DATA SHOWN section start

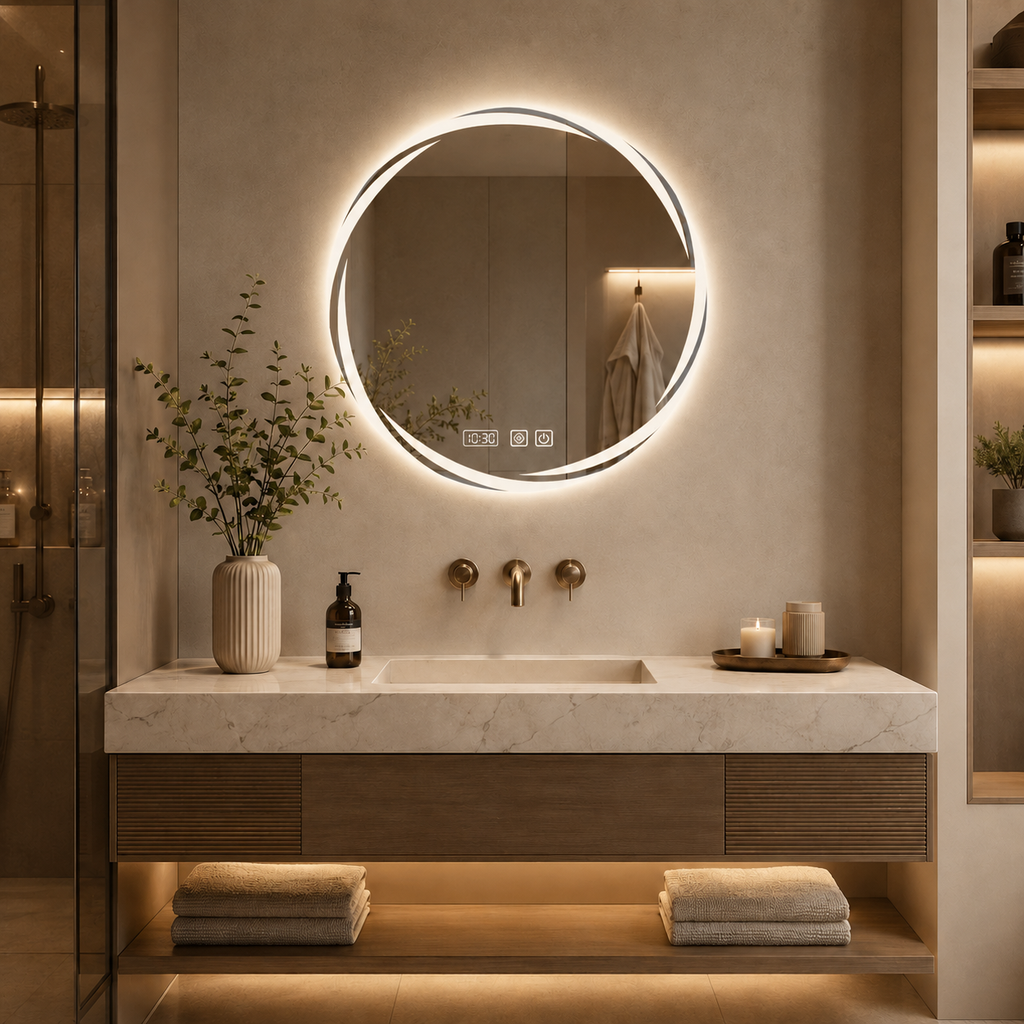 Miroir lumineux horloge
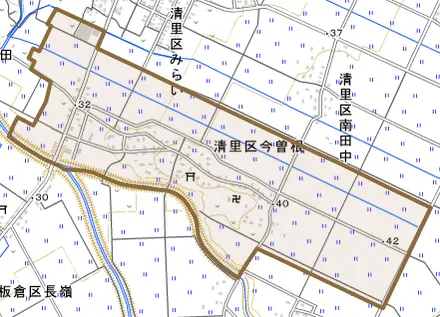 清里区今曽根とその周辺の地図。町の範囲を重ねている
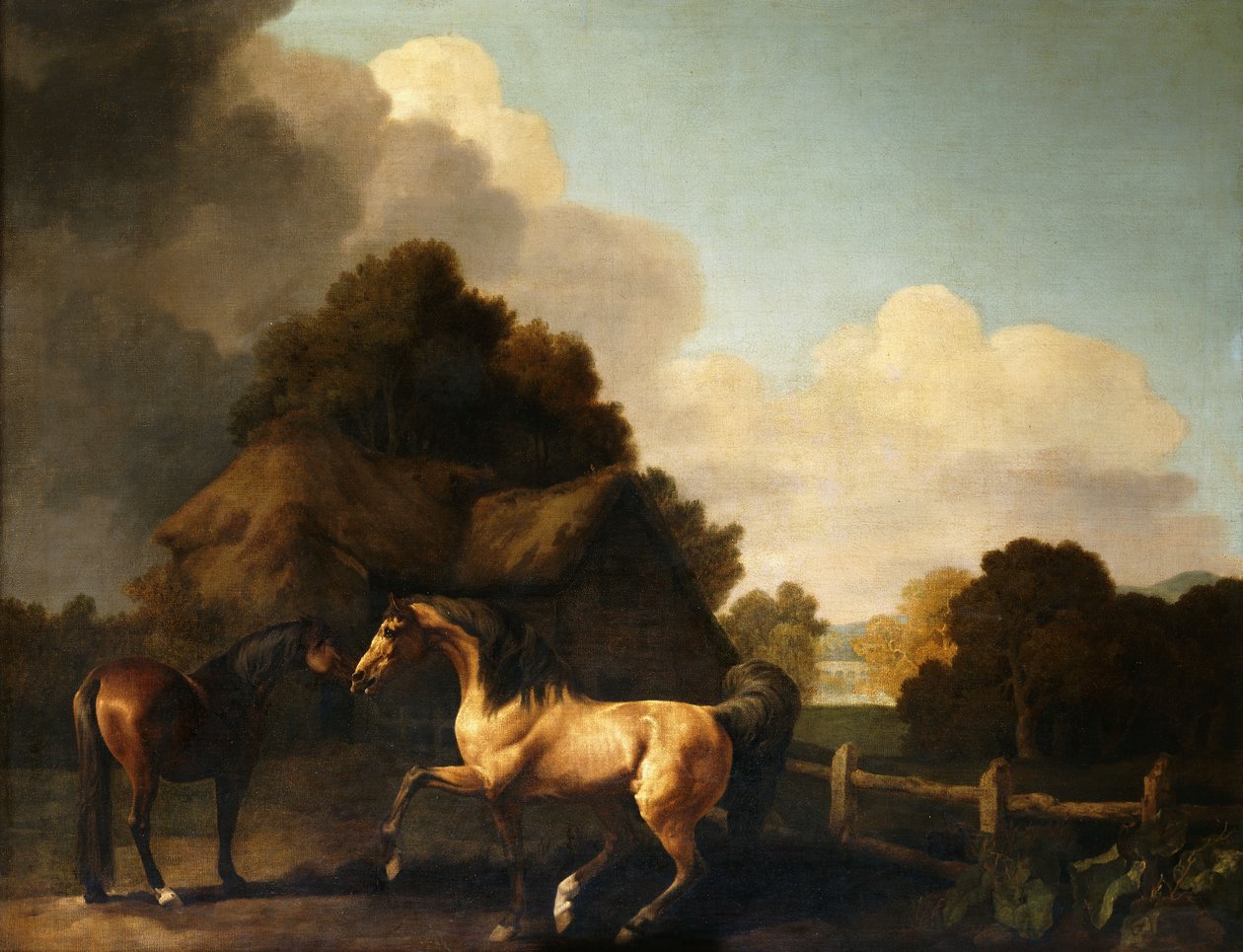 Hingst og hoppe, tradisjonelt kalt "Jupiter og hoppe" av George Stubbs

DATA SHOWN section end

### AIM OF THE EXERCISE:
Return all of the lines above without alteration, minus the pictures.

### RESULT BELOW:
 Miroir lumineux horloge
 清里区今曽根とその周辺の地図。町の範囲を重ねている
 Hingst og hoppe, tradisjonelt kalt "Jupiter og hoppe" av George Stubbs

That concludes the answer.